Himmatwala : No guts or glory

MUMBAI: Sajid Khan prefers to make entertainers but this time he decided to take a tried-and-tested formula and stick to it by remaking Himmatwala from 1983, which in turn was a remake of a Telugu hit, Ooriki Monagadu (1981). As was the case with the earlier version, this film too has a village backdrop. And instead of a contemporary setting which is how the main, multiplex and overseas audience likes it now, he has opted to keep it a 1983 story. However, by treating it like a spoof, the attempt to revisit the original is hurried and patchy and leaves it in a mess.

Producer: Vashu Bhagnani, Ronnie Screwvala.
Director: Sajid Khan.
Cast: Ajay Devgn, Tamannaah, Paresh Rawal, Zarina Wahab, Mahesh Manjrekar, Vindoo, Adhyayan Suman.
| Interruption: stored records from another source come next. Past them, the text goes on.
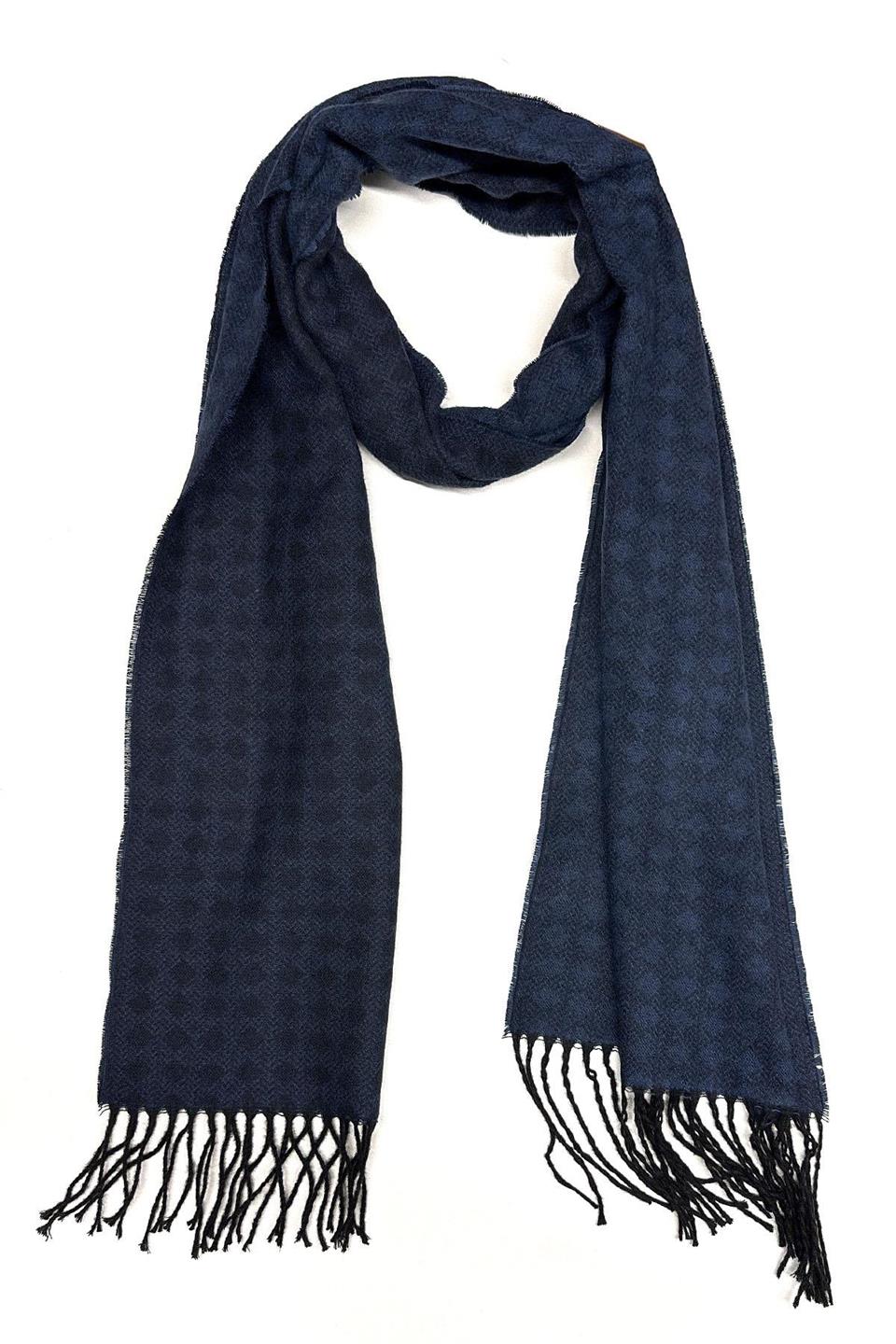 Lacivert Motif Desen Erkek Kaşkol K542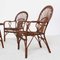 Rattan and Bamboo Garden Table & Chairs, Italy, 1960s, Set of 5 2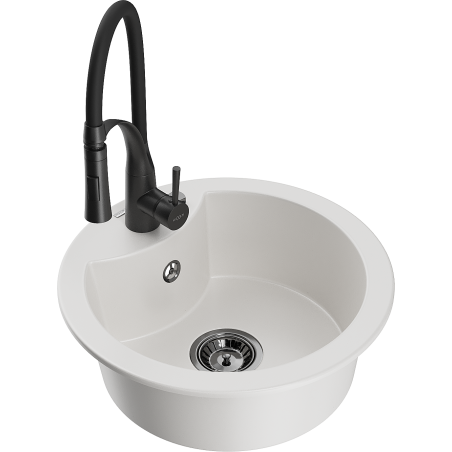 Mexen Diego 1-bowl granite sink with Aster kitchen faucet, white - 6512-20-73450-70-B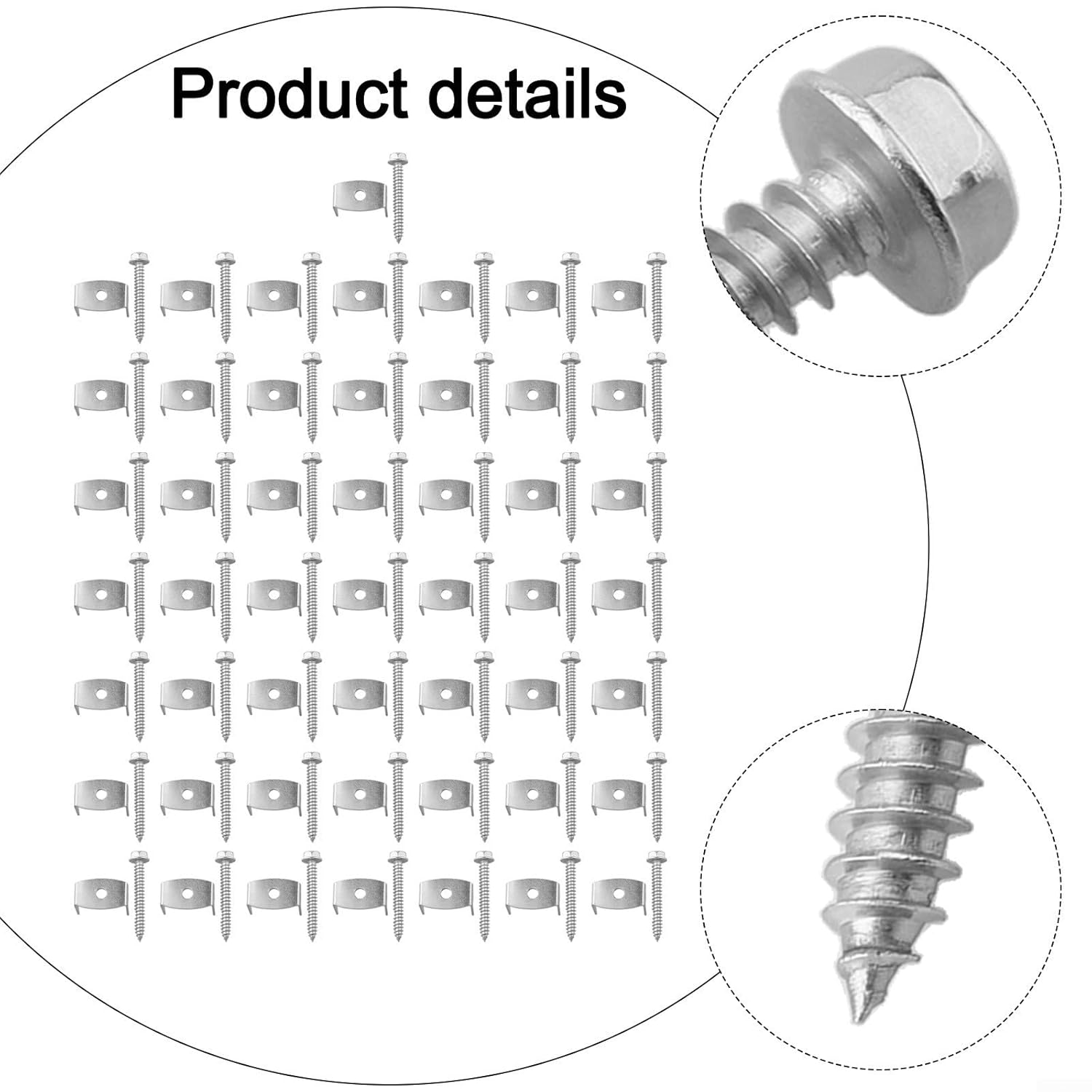 50PCS 304 Steel Fence Staples Softwood, Wire Mesh & Woven Fencing with Screws and Hex, Proof Garden Fasteners 1.6 Inch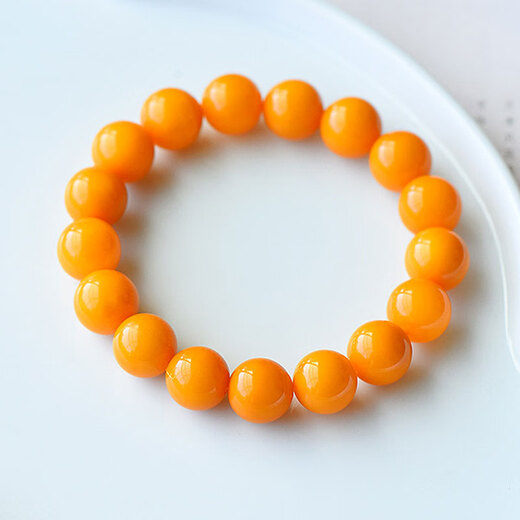 Longyin chicken fat yellow beeswax ring 10mm single ring simple ethnic style women's jewelry atmospheric hand jewelry birthday gift 10mm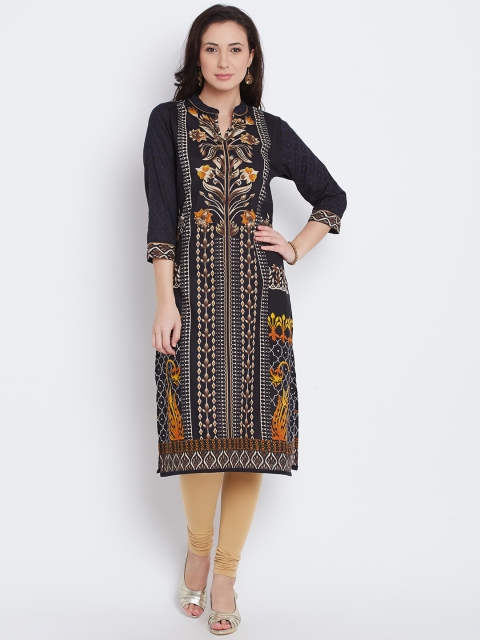 

Rain & Rainbow Women Black Printed Straight Kurta
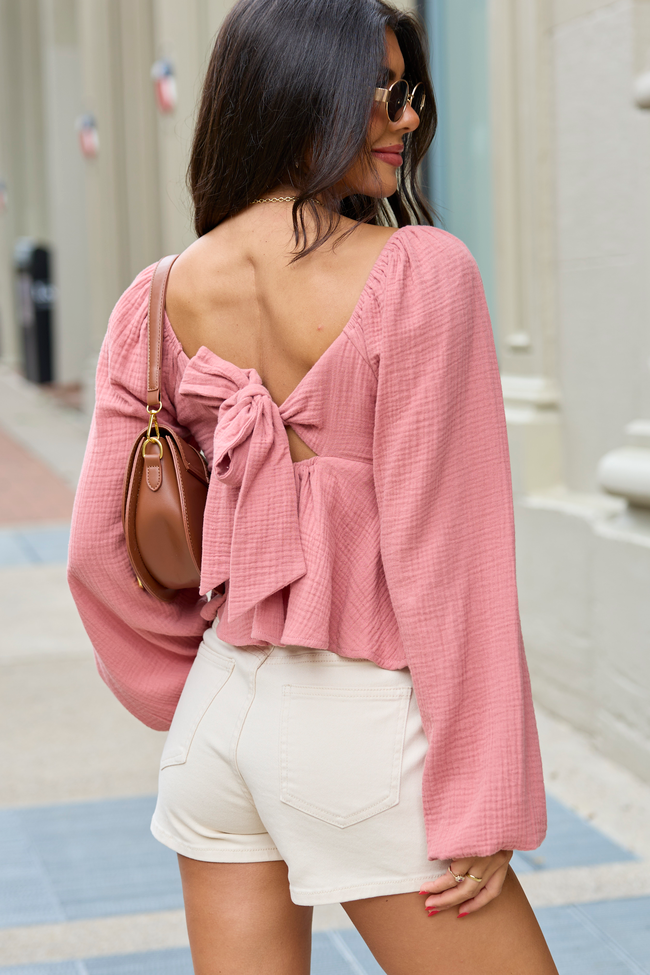 Liora Mauve Tie Back Peplum Top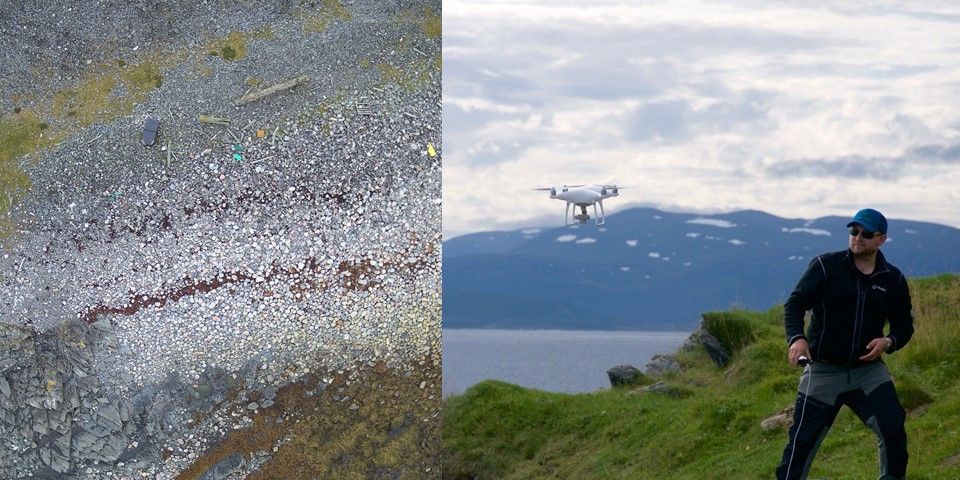 Foto av strand med søppel tatt med drone. Til høyre dronepilot Morten Thorstensen, Akvaplan-niva.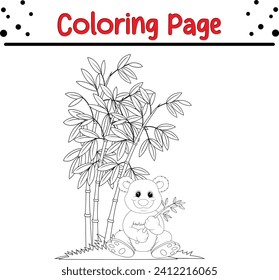 Coloring pages panda sitting eating bamboo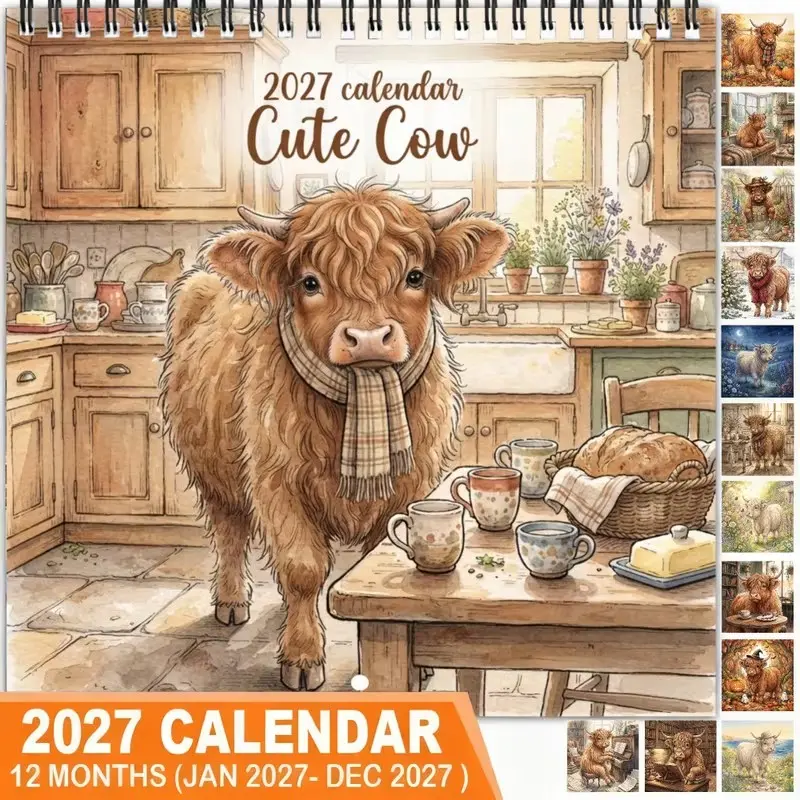 2027 Wall‑Hanging Planner Calendar, Cute Cow Kitchen Roll‑Up Calendar, Large Date Print, Gift for New Year & Holidays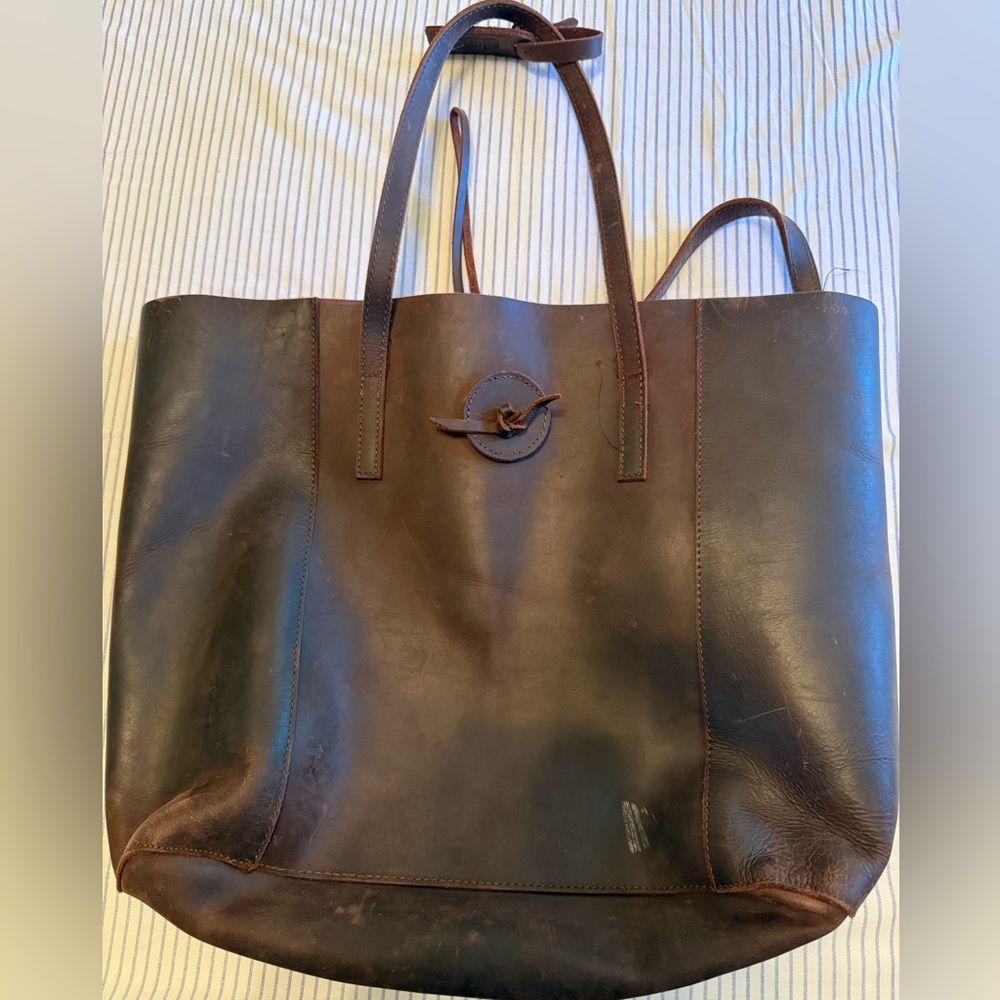 Baseballism Brown Leather Tote Bag, glove leather bag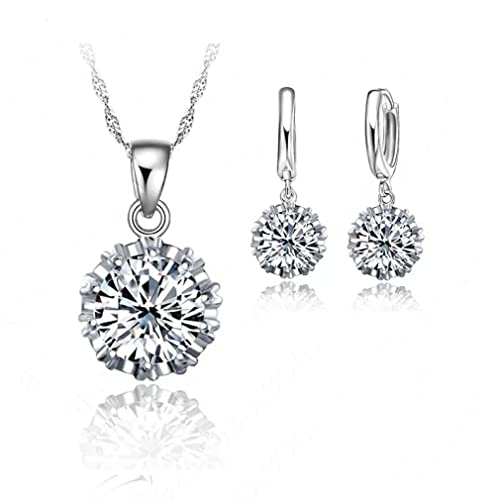 Bijoux de mariage en argent 925 parure élégante collier et boucles d'oreilles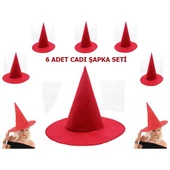 Kırmızı Keçe Cadı Şapkası Yetişkin-Çocuk Uyumlu - 1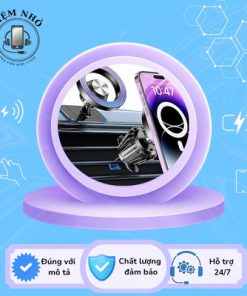 Giá đỡ điện thoại ô tô nam châm xoay 360 độ – giữ chắc, chống rung.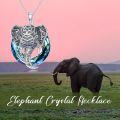 wholesale 925 Sterling Silver & Blue Crystal Elephant Pendant Necklace - Fashionable s for Her-0-3
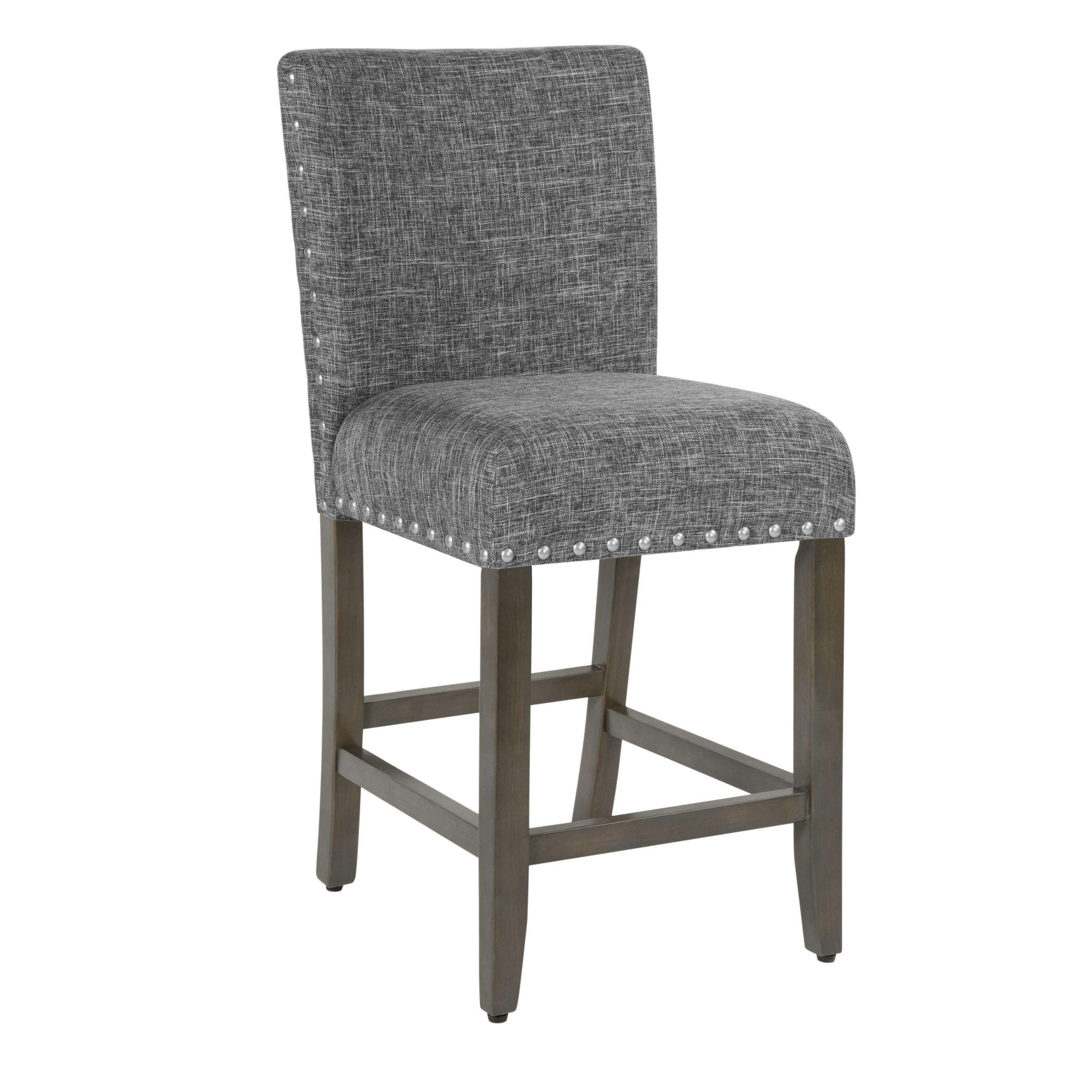 Homepop Home Decor | Nailhead Trim Counter Height Bar Stools | 24 Inch Bar Stools | Decorative Home Furniture (Slate Gray)
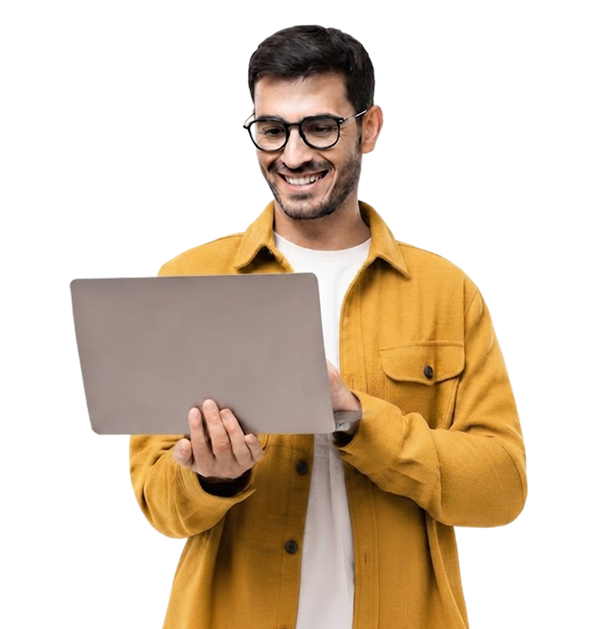 Branex WordPress specialist with a laptop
Ajay Devgn has returned to Rampur to avenge his father‘s death caused by the village sarpanch, Mahesh Manjrekar, aided by his brother-in-law, Paresh Rawal. Manjrekar is a tyrant who has usurped the land and property of each and every villager and treats them like his slaves. Nobody dare oppose him. Years back he had framed Devgn‘s father, the local priest, and shamed him in front of people to the extent that he committed suicide. A young Devgn‘s attempt to kill him fails. The goons chase him and set fire to his house but he runs away after his mother, Zarina Wahab and sister goad him to.

Devgn grows up in an orphanage in a big city and is informed that contrary to what he believed, his mother and sister are very much alive but in a bad shape. He decides to return to look after them as well as to avenge his father‘s death. Being a Devgn film, the original social musical is turned into an action movie. His skills are already established as a street fighter who brawls for money.

Devgn, on his arrival to the village, starts the clean up first tackling Rawal and then, immediately, neutralising Manjrekar. What is the purpose of carrying on your film once your main villain is humiliated and defeated? None, really, and that is what happens with rest of the film. The villainy is now reduced to comic villains‘ scheming and plotting to little effect.

If Manjrekar is a tyrant, his daughter, Tamannaah, is more so. When Devgn crosses her path, she sends goons after him. Of course, they are no match for this super-powerful man. Next, she lets loose a tiger on him. Things go wrong, and instead of her enemy, she is about to become the tiger‘s prey. Devgn stands between her and the tiger and saves her. Love happens. Songs and dance follow. When you are borrowing a film, you might as well dig a bit more and also take songs from the original. So we have two songs from the earlier Himmatwala. Thanks to Bappi Lahiri‘s racy score, these remain the only good tunes in the film.

Since the villains are already neutralised, the fights are outsourced to a bunch of toughies. Street fighters are brought in to make the climax action-packed but when Devgn can‘t win against this well-armed bunch, who will save the family? It is time to invoke superpower, the Goddess Durga. The tiger, which Devgn had fought and later befriended, returns to chase the villains away. RIP Manmohan Desai.

Himmatwala is badly scripted and the director does not seem to be serious about this film. As one of the dialogues in the films suggests, it is 1983 story so anything goes! That also seems to be director Sajid Khan‘s approach to the film. The climax is stretched. There is nothing much for actors to do. Devgn is happy being Himmatwala with action scenes. Tamannaah is okay. Manjrekar hams it up. Wahab is sincere. Whatever little entertainment the film offers is thanks to Rawal.

Himmatwala will find it tough to sustain after the weekend as despite a holiday today, the opening is below par.